Рис. 3. В. Л. Боровиковский. Святая Екатерина. 1804–1809. Прессованный картон, масло. 176 × 91 см. Государственный Русский музей (Санкт-Петербург). Ранее – Казанский собор (Санкт-Петербург)
Наконец, стены Казанского собора покрывают не монументальные фрески и мозаики, характерные для византийской традиции, а масштабные живописные полотна, созданные виднейшими художниками – членами Санкт-Петербургской Императорской академии художеств, такими как В. Л. Боровиковский (1757–1825), В. К. Шебуев (1777–1855), Ф. А. Бруни (1801–1875), Г. И. Угрюмов (1764–1823), О. А. Кипренский (1782–1836) и К. П. Брюллов (1799–1852).

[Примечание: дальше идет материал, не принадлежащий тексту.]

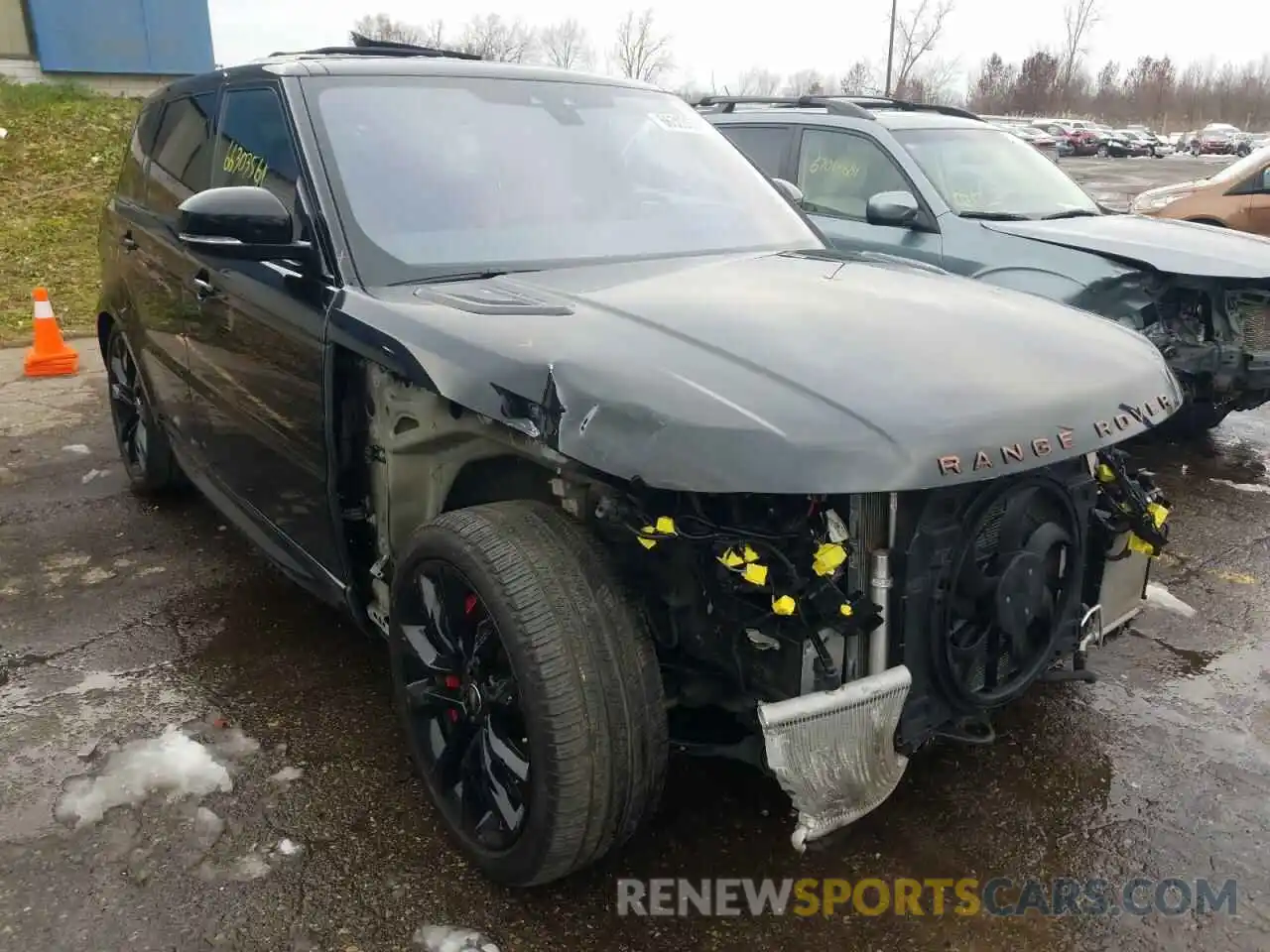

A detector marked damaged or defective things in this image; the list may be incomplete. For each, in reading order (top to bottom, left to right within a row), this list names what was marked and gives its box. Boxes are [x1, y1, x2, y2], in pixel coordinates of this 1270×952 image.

Эти работы выполнены в изысканном академическом стиле и более соответствуют эстетике религиозной живописи постренессансной эпохи, которая преобладала тогда в европейских художественных академиях, чем традиционным аскетическим формам православной иконописи. Так, например, изображение святой Екатерины (1804–1809) (рис. 3) у Боровиковского имеет больше общего с его же портретами русских царей и аристократии, чем с византийской иконой. Святая Екатерина, изображенная в трехмерном иллюзионистическом пространстве, представлена стоящей перед египетской пирамидой, а дальний план заполняет толпа зевак, уходящая вглубь картины – в скудно освещенный вечерний пейзаж. Святая Екатерина с богато украшенной короной на голове облачена в роскошное одеяние, подбитое мехом, расшитое жемчугом и самоцветами; она устремляет тоскующий, задумчивый взгляд в небеса, где прямо над ее головой расступились легкие облака, и из них полукругом выступил хор херувимов, образуя подобие нимба. Благодаря пристальному вниманию Боровиковского к различным текстурам и поверхностям одеяния святой Екатерины, а также благодаря тому, что он столь натуралистично моделирует формы, передает богатое разнообразие тональностей, таинственность освещения, глубину теней, его картина стала одной из вершин русской академической живописи и при этом ознаменовала собой радикальный отход от традиционной иконографии этой святой.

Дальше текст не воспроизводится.